Konuşmasının başında Malazgirt Zaferi’ni ve 30 Ağustos Zafer
Bayramı’nı kutlayan Karamollaoğlu, “Gazi Mustafa Kemal ve silah arkadaşları
başta olmak üzere, bu vatan uğruna can veren bütün şehitlerimizi bir kez daha
rahmet ve şükranla yad ediyorum.” dedi.
Tarihte Ağustos ayında elde edilmiş olan zaferlerinin temel
iki özelliğinin bağımsızlık ile birlik ve beraberlik olduğuna işaret eden Karamollaoğlu,
“Hiç kimsenin şüphesi olmasın ki bu aziz millet, istiklâl ve istikbalimiz
tehlikeye düştüğünde aynı kararlılığı ortaya koymaktan hiçbir zaman
çekinmeyecektir.” diye konuştu.
Sultan Alparslan ve
Erdoğan mukayesesi
Sultan Alparslan’ın, Malazgirt savaşını kazandığında Anadolu’da
bir saray, bir köşk değil bir sistem inşa ettiğinin altını çizen Karamollaoğlu,
üstü kapalı olarak Sultan Alparslan’la Cumhurbaşkanı Recep Tayyip Erdoğan’ı
kıyasladı. Karamollaoğlu, şöyle konuştu:
“Sultan Alparslan, cesaretliydi, ileri görüşlüydü; fakat
aynı zamanda mütevazıydı. (…) İstişareye önem verir, tecrübeden yararlanırdı. Alimlerin
ilmine hürmet eder ve bunun gereği olarak da bu hürmetin devamı olarak
müesseseler kurmayı bir vazife olarak görürdü. Nizamiye Medreseleri gibi Dünyanın
en ileri eğitim müesseselerini o ihdas etmişti. Adalet üzere davranırdı. Haksız
yere kimseye zulmetmez, zulmedilmesine de müsaade etmezdi. Halkın malına el
uzatılmasına asla izin vermezdi. İsraf ve şatafattan, mütevazılığın bir gereği
olarak uzak dururdu. Alçak gönüllüydü. Bugün ülke yöneticilerinde bunların kaçı
var, kaçı yok? Hiç oraya girmek istemiyorum. Tefekkürü de milletimize
bırakıyorum; ama sadece şu hatırlatmayı yapmak istiyorum ki, çadırlarda kurulan
devletler, saraylarla idame ettirilemez. Biz, bunu kendi tarihimizde de gördük,
yaşadık. Çok mütevazı ortamlarda dünyayı fethedenler, ne zaman ki mücadele
ettikleri ülkelerin yöneticilerine benzeyerek birtakım adımlar atmışlarsa, maalesef
ülkeyi bugün düştüğü durumdan kurtaramamışlardır.”
Sultan Alparslan bile
Ahlat’a köşk yaptırmamış
Karamollaoğlu, Cumhurbaşkanı Erdoğan’ın, Ahlat ilçesinde 10
dönümlük arazi içerisinde 1071 metrekare oturum alanına sahip bir
Cumhurbaşkanlığı Köşkü inşa edileceğine dair açıklamasına da tep gösterdi. Karamollaoğlu,
“Malazgirt savaşını kazanmış olan Sultan Alparslan dahi “Buraya bir köşk
yapalım” dememişken veya ondan sonra gelen hükümdarlar da böyle bir ihtiyacı (gerekli)
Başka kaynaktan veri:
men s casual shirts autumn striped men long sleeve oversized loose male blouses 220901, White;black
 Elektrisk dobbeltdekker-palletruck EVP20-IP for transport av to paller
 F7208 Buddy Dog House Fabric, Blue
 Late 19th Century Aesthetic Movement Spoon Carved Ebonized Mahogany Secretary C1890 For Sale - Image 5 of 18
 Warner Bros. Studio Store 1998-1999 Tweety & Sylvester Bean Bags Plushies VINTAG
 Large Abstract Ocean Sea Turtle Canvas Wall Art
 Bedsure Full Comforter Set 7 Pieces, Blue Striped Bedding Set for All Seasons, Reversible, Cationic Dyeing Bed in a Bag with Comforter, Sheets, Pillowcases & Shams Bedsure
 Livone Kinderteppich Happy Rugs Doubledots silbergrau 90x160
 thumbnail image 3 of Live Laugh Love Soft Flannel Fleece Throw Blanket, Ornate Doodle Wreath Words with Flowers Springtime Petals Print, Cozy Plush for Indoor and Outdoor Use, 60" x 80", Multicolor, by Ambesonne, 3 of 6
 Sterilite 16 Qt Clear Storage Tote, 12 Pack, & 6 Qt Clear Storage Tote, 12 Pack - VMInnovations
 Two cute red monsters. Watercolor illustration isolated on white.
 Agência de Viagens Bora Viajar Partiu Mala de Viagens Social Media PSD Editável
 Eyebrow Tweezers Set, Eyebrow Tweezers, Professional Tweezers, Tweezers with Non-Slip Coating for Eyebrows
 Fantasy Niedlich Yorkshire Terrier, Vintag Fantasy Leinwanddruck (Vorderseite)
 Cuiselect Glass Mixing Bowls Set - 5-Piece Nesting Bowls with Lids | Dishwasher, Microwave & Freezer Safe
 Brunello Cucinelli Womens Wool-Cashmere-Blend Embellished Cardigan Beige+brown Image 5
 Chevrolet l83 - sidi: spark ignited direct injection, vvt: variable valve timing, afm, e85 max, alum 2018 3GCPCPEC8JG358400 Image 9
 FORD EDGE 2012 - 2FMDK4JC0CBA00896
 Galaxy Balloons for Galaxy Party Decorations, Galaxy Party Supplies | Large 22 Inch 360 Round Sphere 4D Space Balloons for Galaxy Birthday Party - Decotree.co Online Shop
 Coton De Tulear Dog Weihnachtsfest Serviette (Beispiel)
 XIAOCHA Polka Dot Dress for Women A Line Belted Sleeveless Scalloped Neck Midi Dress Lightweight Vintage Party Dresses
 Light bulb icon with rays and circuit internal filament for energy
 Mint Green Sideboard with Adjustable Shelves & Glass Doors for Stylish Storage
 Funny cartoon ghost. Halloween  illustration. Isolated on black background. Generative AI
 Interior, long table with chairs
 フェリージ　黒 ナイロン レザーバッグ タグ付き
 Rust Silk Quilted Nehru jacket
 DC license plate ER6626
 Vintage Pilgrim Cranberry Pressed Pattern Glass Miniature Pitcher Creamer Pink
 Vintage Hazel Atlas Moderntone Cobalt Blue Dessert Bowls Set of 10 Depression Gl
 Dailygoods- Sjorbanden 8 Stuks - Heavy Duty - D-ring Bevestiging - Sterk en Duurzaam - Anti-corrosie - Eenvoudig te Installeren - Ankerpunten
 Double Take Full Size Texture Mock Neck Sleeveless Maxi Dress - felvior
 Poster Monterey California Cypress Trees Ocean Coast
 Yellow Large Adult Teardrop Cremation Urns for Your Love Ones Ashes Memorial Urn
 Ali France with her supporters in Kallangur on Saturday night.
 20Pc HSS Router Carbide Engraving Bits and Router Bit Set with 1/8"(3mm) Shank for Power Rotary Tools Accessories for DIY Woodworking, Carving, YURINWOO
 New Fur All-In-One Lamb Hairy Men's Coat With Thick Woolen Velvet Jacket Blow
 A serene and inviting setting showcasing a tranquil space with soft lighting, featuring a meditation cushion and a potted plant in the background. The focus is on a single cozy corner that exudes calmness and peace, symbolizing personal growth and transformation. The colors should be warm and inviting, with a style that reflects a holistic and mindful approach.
görmemişken, ülke ekonomisinin içinde bulunduğu şu zor günlerde bu köşkün
inşası ne ile izah edilebilir? Ben, şahsen anlamaktan acizim.” diye konuştu.
Şehirleri kibir
kuleleriyle donatarak ülke kalkınmaz
Bugün millete içinde bulunduğumuz şartlardan dolayı tasarrufu
öğütleyenlerin bu israf ve şatafattan vazgeçmedikçe ülke ekonomisinin düze
çıkmasının kesinlikle mümkün olmayacağını ifade eden Karamollaoğlu, “Üretmeyen
ekonomi, iflas etmeye mahkûmdur. (…) Şehirleri kibir kuleleriyle donatarak ülke
kalkınmaz.” dedi.
Ahlat’ın köşke değil fabrikaya
ihtiyacı var
Tasarrufun, üretime yönelik olmayan her türlü harcamadan
kaçınmak olduğunu belirten Karamollaoğlu, iktidar tarafından dile getirilen “İtibardan
tasarruf olmaz” sözüne de atıfta bulunarak, “Tasarruf, hakikaten itibardan bile
tasarruf etmektir. Bugün Ahlat’ın, Malazgirt’in 1071 metrekarelik köşke değil, 1071
kişinin çalışacağı bir fabrikaya ihtiyacı var. Bu müjdeyi verselerdi ellerini
öperdik. Bu şeker fabrikası, daha 3 ay önce satıldı. Fabrikayı satıp yerine
köşk yapmak, akıl kârı bir davranış mıdır?” diye konuştu.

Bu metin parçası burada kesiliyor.